In easier problems, these subsets have a nice pattern to find, and/or they quickly max out in size.  For example, if you were drawing a deck of six cards, TWO of the events might happen at the same time, but no more.  Hence the probability of all subsets of size three, four, ..., 36 is all zero.
In the OP however, the calculation of these probabilities has many tedious cases, which quickly devolves into tedious subcases.  The intersection of a pair of events is not too bad -- some pairs of five-card hands intersect in zero cards, some in one, some in two, some in three, and some in four.  Each of these probabilities is not too bad to compute, and I've done two examples above.  In a few minutes we can handle all ${36\choose 2}$ pairs of events.
But we now need to consider the intersection of three of these events.  Now it's quite complicated indeed.  Perhaps the three hands are all nonintersecting.  Perhaps the first two hands intersect in two cards, but no other intersections occur.  Perhaps the first two hands intersect in one card, and the last two hands intersect in one card as well.  And all of these can happen, because with 26 cards there is a lot of room for cards!  Hence this method suffers from combinatorial explosion and is more or less hopeless to compute by hand, without careful calculation of many possible cases that could take hours.  Sadly a computer can only help with the arithmetic, not with the modeling.
A related question that is easily answered is the expected number of straight flushes in your 26 card hand.  This can be found using linearity of expectation, hence we multiply the expected number of the (A2345 of hearts) event, by 36.  The result is $$\frac{759}{833}\approx 0.9111$$
i.e. on average you will find approximately $0.9$ straight flushes in each hand of 26 cards.  However this averages hands with zero, and hands with seven, in a manner that can only be fully understood by using the inclusion-exclusion principle as above.
A: It may be possible to get a computer to count it.
Each suit is disjoint from the other suits.
We only want the probability of zero straight flushes.
The 'distribution' is how many spades, how many hearts, and so on.
$$P(a,b,c,d)=\frac{{13\choose a}{13\choose b}{13\choose c}{13\choose d}}{52\choose 26}$$
Then, given $x$ cards in a suit, what is the chance of no straight flush in that suit?  Some easy values are $Q(0)=Q(1)=...Q(4)=1$, and $Q(13)=0$.  There are $2^{13}=8192$ subsets of thirteen cards.  It is simple to get a computer to run through all 8192, counting how many cards and whether there is a straight flush.  Lastly, get the machine to calculate $$\sum_{a+b+c+d=26}P(a,b,c,d)Q(a)Q(b)Q(c)Q(d)$$
There are $29\choose3$ ways that four non-negative numbers can sum to 26; the cases with $a>13$ can be covered by setting $Q(14)=...=Q(26)=0$.
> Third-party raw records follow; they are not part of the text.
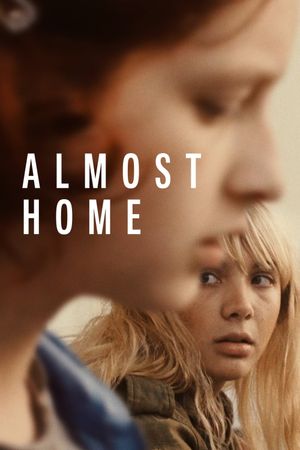 Almost Home's poster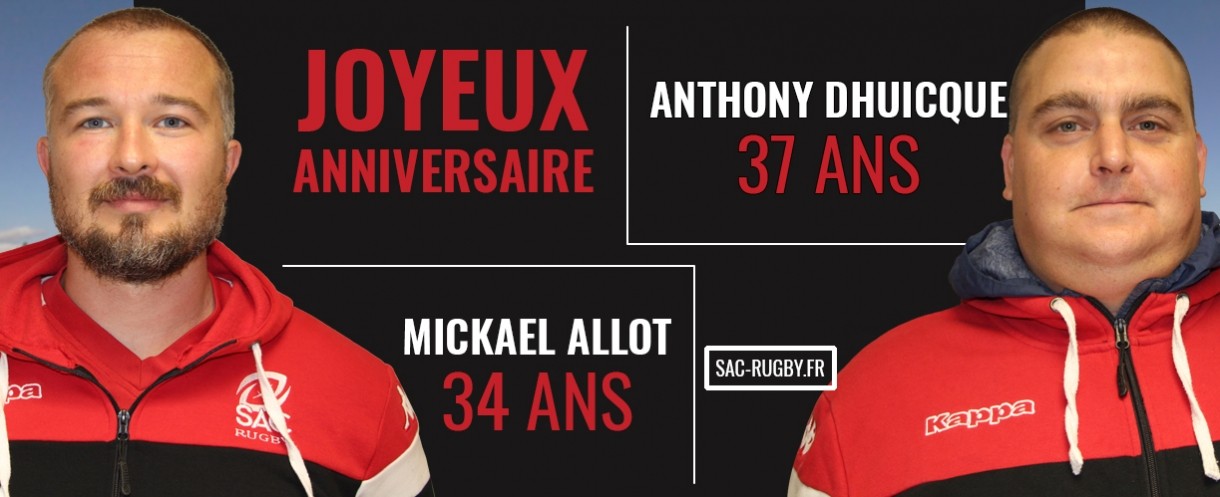 Bon Anniversaire A Mickael Allot Et Anthony Dhuicque Le Sac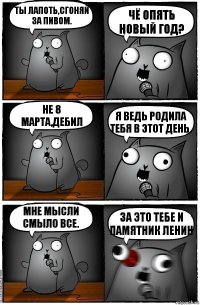 Ты лапоть,сгоняй за пивом. Чё опять Новый Год? Не 8 Марта,дебил Я ведь родила тебя в этот день. Мне мысли смыло все. За это тебе и памятник Ленин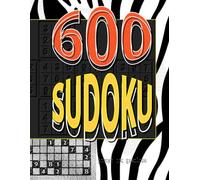 600 Sudoku Puzzles for All Skill Levels: Easy, Medium, Hard & Extreme Difficulty | Brain-Boosting Logic Puzzle Book for Adults & Teens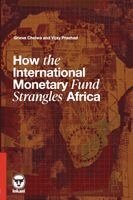 Grieve Chelwa, Vijay Prashad - How the International Monetary Fund Strangles Africa, Häftad. Tillgänglighet: Lägg i varukorg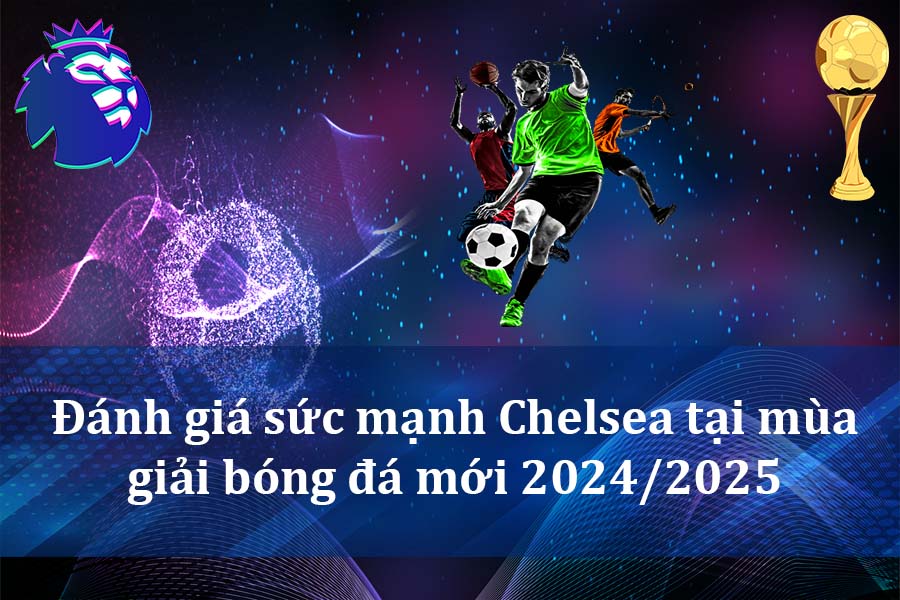 Đánh giá sức mạnh Chelsea tại mùa giải bóng đá mới 2024-2025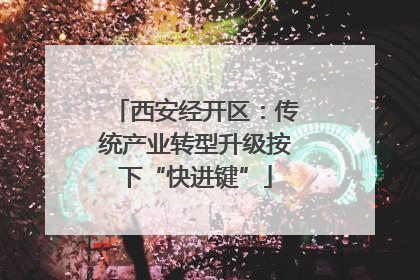 西安经开区：传统产业转型升级按下“快进键”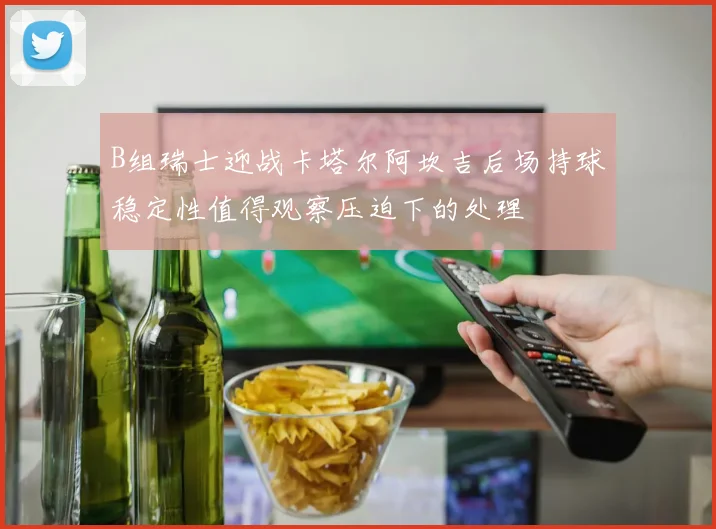 B组瑞士迎战卡塔尔阿坎吉后场持球稳定性值得观察压迫下的处理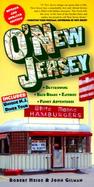 O' New Jersey Day Tripping, Backroads, Eateries, and Funky Adventures cover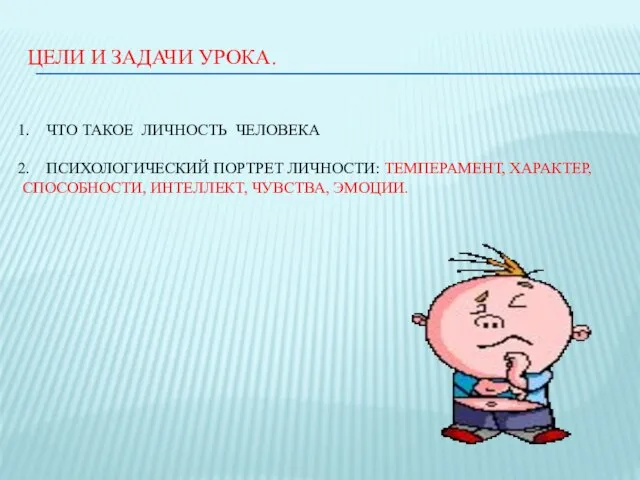 ЦЕЛИ И ЗАДАЧИ УРОКА. ЧТО ТАКОЕ ЛИЧНОСТЬ ЧЕЛОВЕКА ПСИХОЛОГИЧЕСКИЙ ПОРТРЕТ ЛИЧНОСТИ: ТЕМПЕРАМЕНТ,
The reason for $29\choose3$ is a stars-and-bars argument.  You have 26 cards, and three suit-dividers.  They fill 26+3=29 places.  Choose the three spots for the suit-dividers, and put unmarked cards in the other 26 spots.  Now you know how many of each suit there are.  All those to the left of the first divider are spades; all those between divider 1 and divider 2 are hearts, then diamonds; and all those to the right of the third divider are clubs.